* [ACTION ITEM]: After locating the line that holds "luckyvip77 bet", repeat it and each following line exactly until the material ends, skipping pictures.

* [DATASET]:
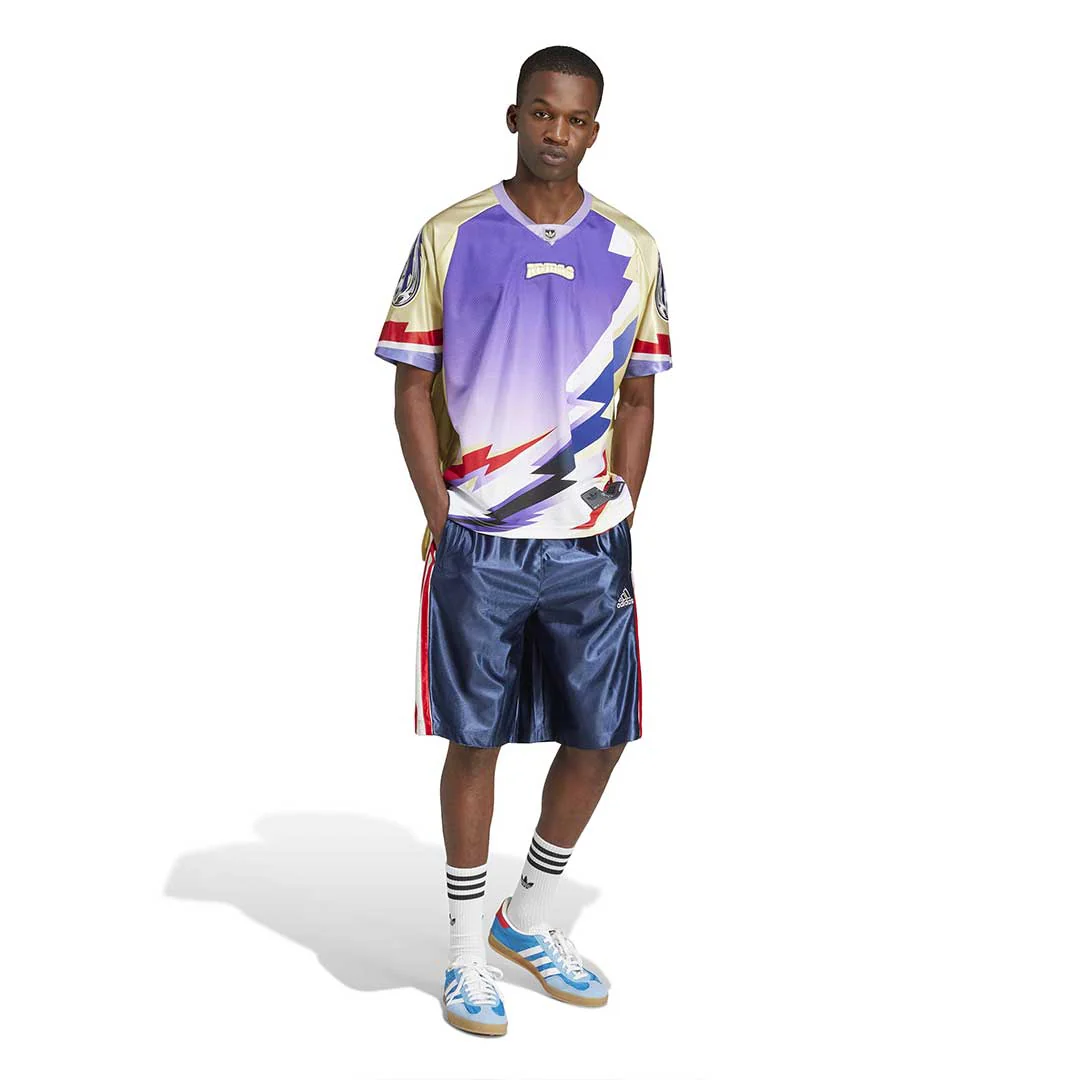 adidas - Men's Adilenium Season 3 Team Jersey (JX1700) - Image 4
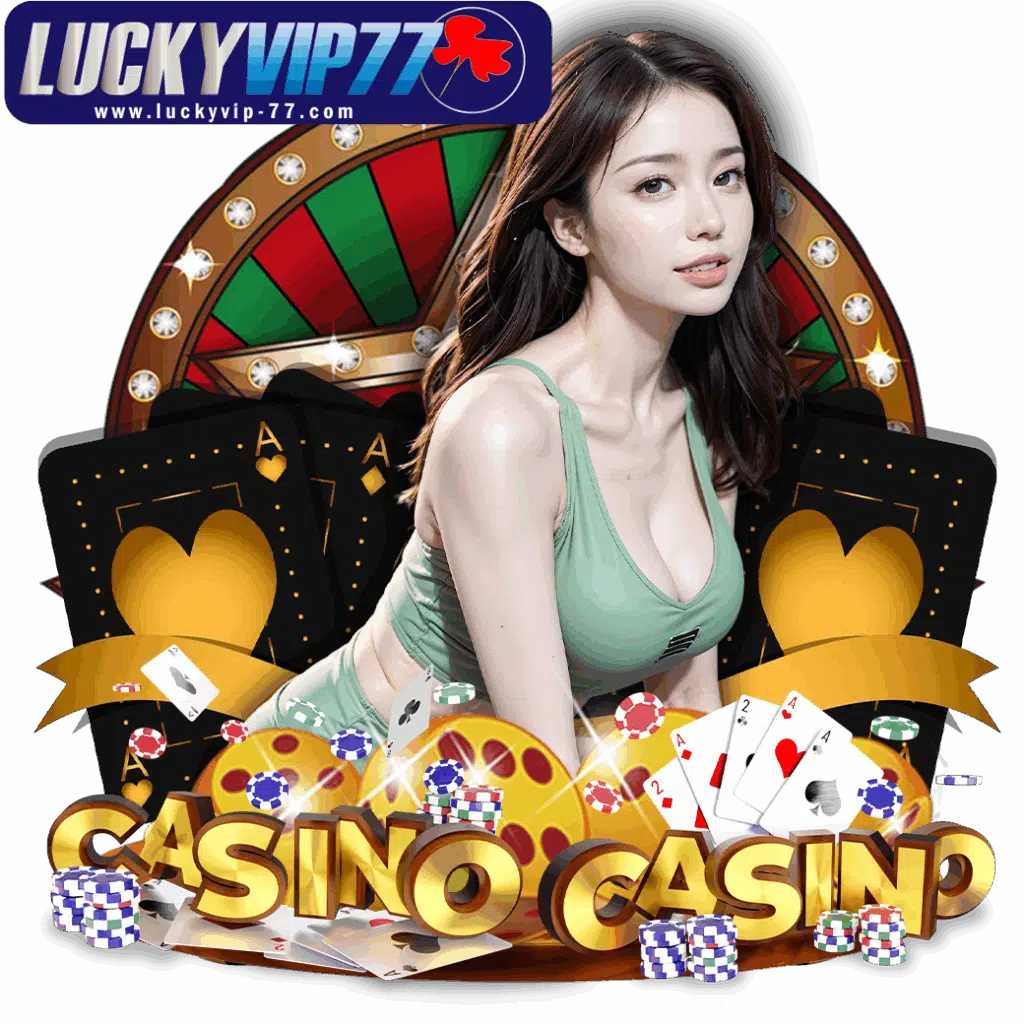 luckyvip77 bet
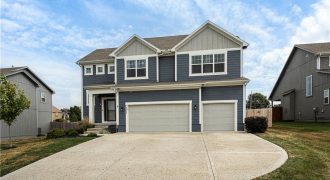 Homes for Sale in Kansas City, MO 64154 | 10605 N Fisk Avenue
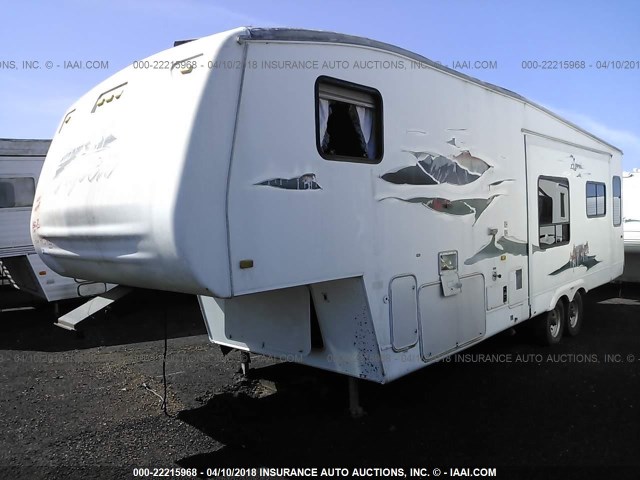 5KDGA33206L002502 - 2006 FRONTIER OTHER  Unknown photo 2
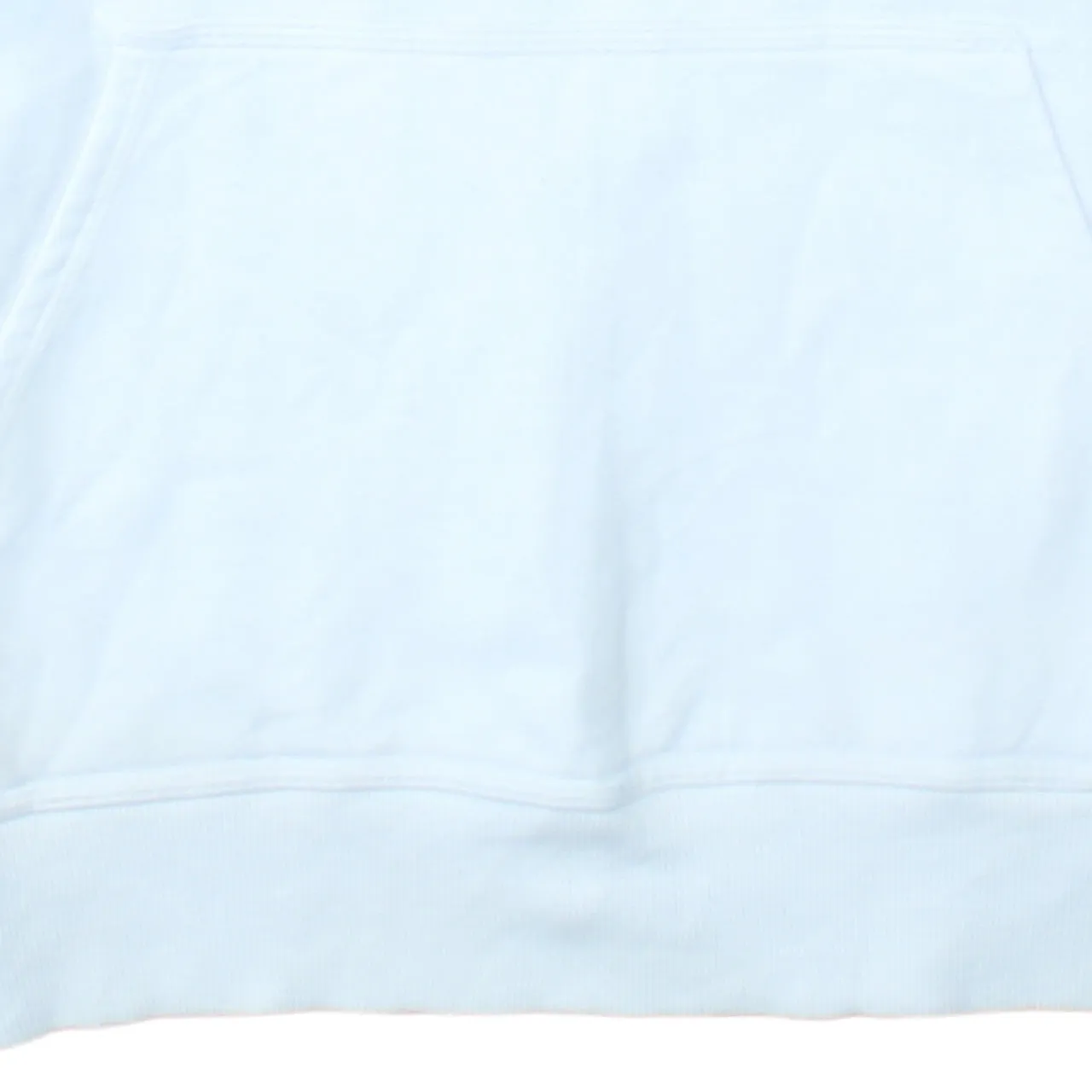 Champion 90's Spellout Pullover Hoodie Medium White sold by Vintage Club product image thumbnail 4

* [RESULT OF THIS TASK]:
 luckyvip77 bet
 Homes for Sale in Kansas City, MO 64154 | 10605 N Fisk Avenue
 5KDGA33206L002502 - 2006 FRONTIER OTHER  Unknown photo 2
 Champion 90's Spellout Pullover Hoodie Medium White sold by Vintage Club product image thumbnail 4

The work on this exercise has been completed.